If a long-term relationship ends, whether by your hand or his, you’ll have a hard time dealing with it. Since a part of you grew with that man, a break-up will be like ripping off a piece of your skin, leaving a wound that refuses to heal. I wish I could give advice that will decrease the pain of a break-up, but there’s nothing you can do to speed up the healing process besides grieving openly and giving yourself the time you need to restore your emotional health. Drowning your sorrows in alcohol or other men is not effective and will make the situation worse. Instead, it’s best to understand what went wrong, admit any mistakes you made, and let the sadness work its way through you until the sunshine appears once again.

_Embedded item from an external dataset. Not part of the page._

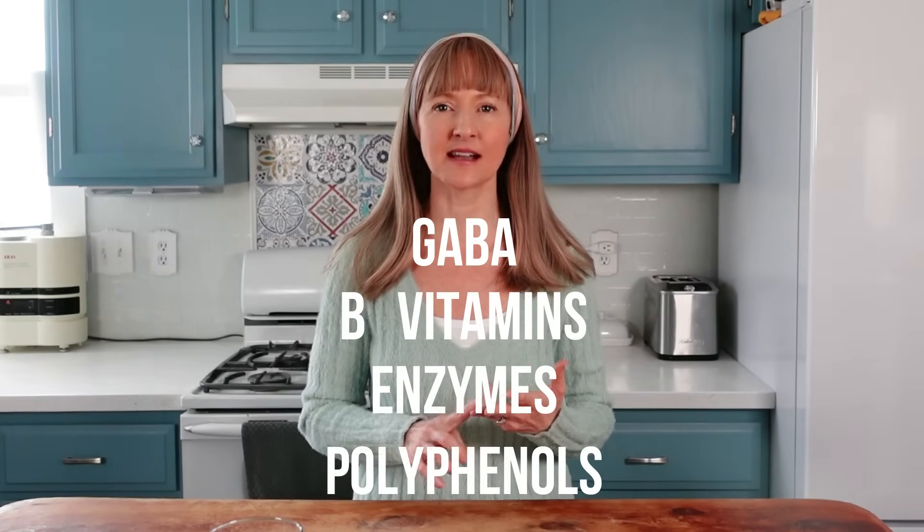In my fermentation funk series, I show a couple of examples of a sauerkraut that has indeed reached the end of its road, and I explain the conditions and the time period it took for that to happen in that video. In this stage, Lactobacillus also create nutrients such as GABA, B vitamins, enzymes, polyphenols, and increase the bioavailability of other vitamins and minerals already present in the vegetables. This is one of the greatest benefits of a mature lactic acid fermentation.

The problem with not accepting any responsibility for a break-up that was at least partially your fault is that you’ll inevitably adopt an “all men are pigs” attitude and become bitter. The men you meet in the future will sense this negative attitude, making it less likely that they will put you in the potential wife box. If your ex
was largely to blame for the relationship failing, criticize his behavior instead of all men: “He took me for granted and behaved in a way that hurt the relationship, but that doesn’t mean that all men would have made the choices he did.” The best coping mechanism is one that doesn’t make it more difficult for you to connect with a good man in the future.
A man who just lost a girlfriend will be advised by his friends to sleep with a lot of women, but this doesn’t work if those women are inferior versions of his ex, which is likely to be the case. The man will be reminded of her even more, keeping his wound raw. It’s even worse if you sleep around because it lowers your wifely value for the right man who is bound to come along in the future.

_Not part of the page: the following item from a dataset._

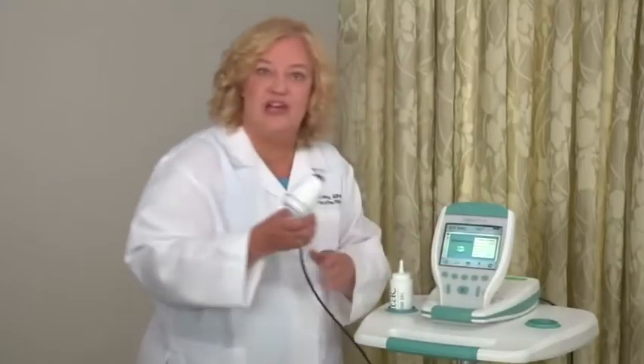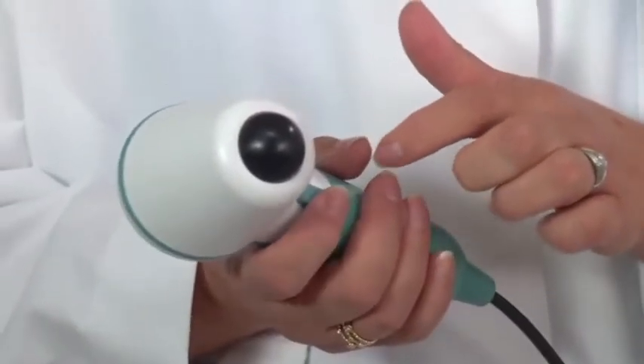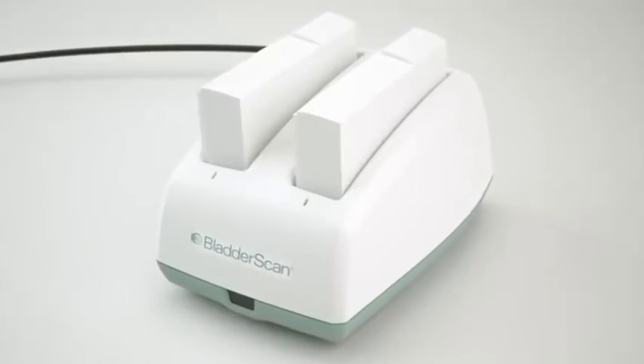It also has an ultrasound probe that scans the patient's bladder and needs to be wiped with alcohol between patients. This is the button that is pressed to perform the scan. The Bladder Scan has a combination battery, charger, and wireless hub. It comes with a manual, and I recommend you review it before you use the device.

Hopefully, you won’t experience any serious relationship failures from this point on, but if you do, avoid the irrational conclusion that you’ll never meet anyone again and are destined to be forever alone. Instead, take about six months off before starting again. Follow the advice in this book by maximizing the bait you put out to single men while fielding offers from the ones who are attracted to you. Always look on the bright side: you’re a woman who will be hunted even if you put in only a little work to make it happen, unlike a man in the same position. Make yourself an attractive catch and wait patiently until the universe sends you the right match.
Conclusion
The hardest part of creating a family is meeting the right man, which is why much of this book is dedicated to overcoming that challenge. Once you’ve identified a man with the right values, and he is ready to settle down, there won’t be many obstacles in the way of getting married besides the normal problems common to any intimate relationship.

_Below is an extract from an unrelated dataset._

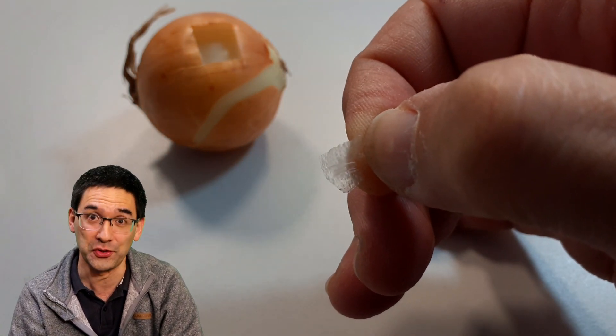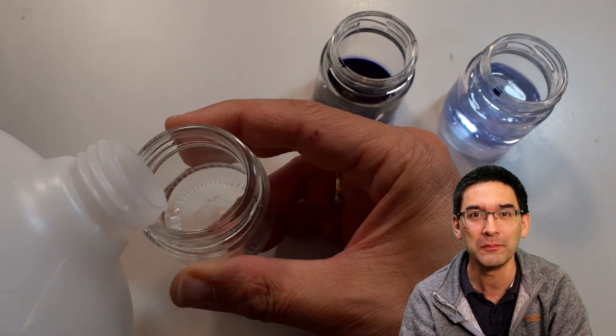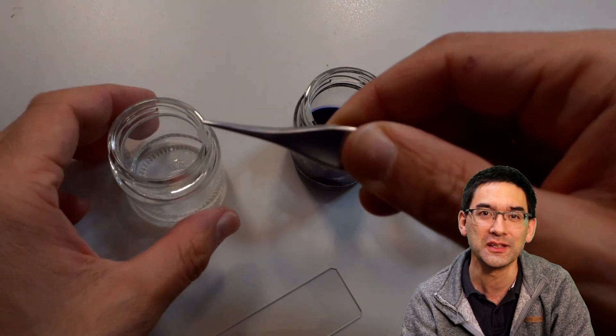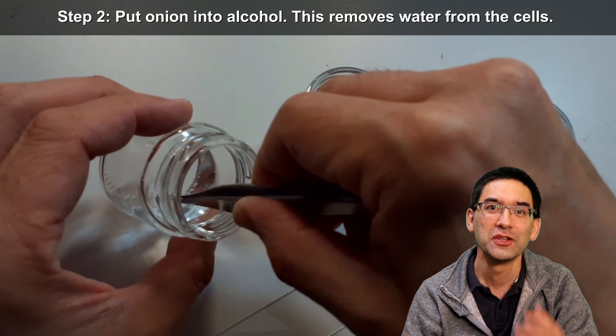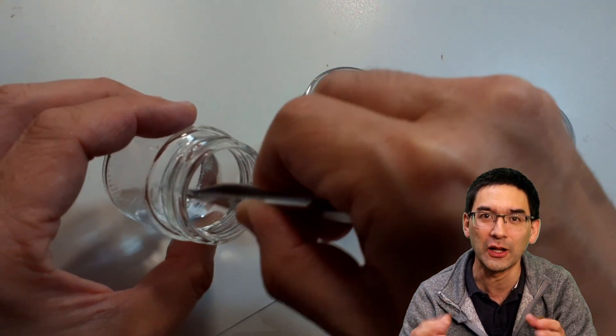You need tweezers. You also need concentrated alcohol — I'm now pouring that in — and beside the ink, some water to rinse the onion cells from the ink. First, you dip the onion into the alcohol for just a few seconds.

The success of your mission to get married depends largely on the work you do before you meet a man, where you optimize your value and embrace the feminine to allow a masculine man to see you as his ideal wife. This involves discarding many of the bad habits and beliefs that you’ve accumulated from living in a world that has become bleak and sterile. It’s not your fault that our broken culture has made it difficult for you to bond with a man, but you’ll have to deal with the reality of the era you’re living in if you want to avoid missing the boat to becoming a wife and mother. Following the advice in this book will at least enable you to attract and find a man who also wants to avoid the most damaging aspects of the culture.